→ **YOUR OBJECTIVE**: Beginning with the line that holds "b9151aefd513461a152328cf39d1b979" and finishing with the line that holds "R7083 DRAWER TRACK GUIDE", repeat the listing exactly, leaving every picture out.

→ **GIVEN DATA**:
----------
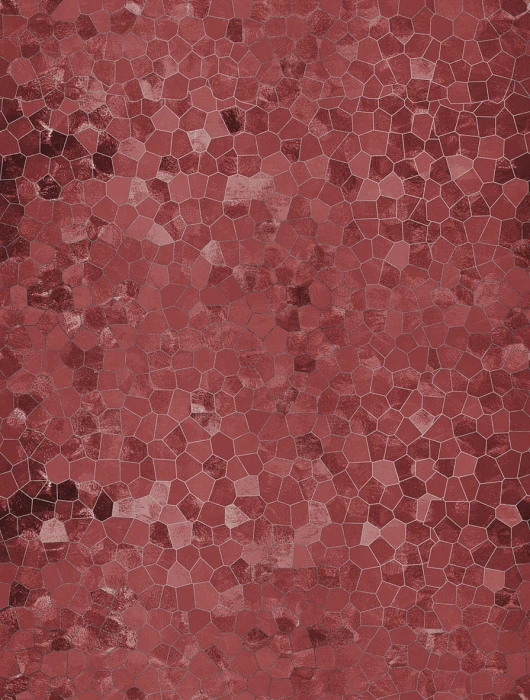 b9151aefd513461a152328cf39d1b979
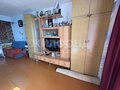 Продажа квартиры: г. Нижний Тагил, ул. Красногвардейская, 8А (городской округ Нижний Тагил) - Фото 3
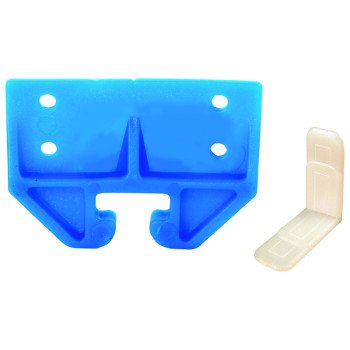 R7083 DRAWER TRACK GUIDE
----------
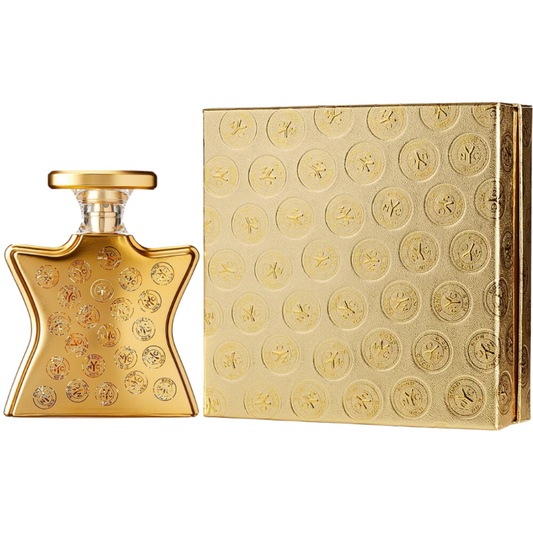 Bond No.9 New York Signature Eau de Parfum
----------
→ **EXERCISE RESPONSE**:
 b9151aefd513461a152328cf39d1b979
 Продажа квартиры: г. Нижний Тагил, ул. Красногвардейская, 8А (городской округ Нижний Тагил) - Фото 3
 R7083 DRAWER TRACK GUIDE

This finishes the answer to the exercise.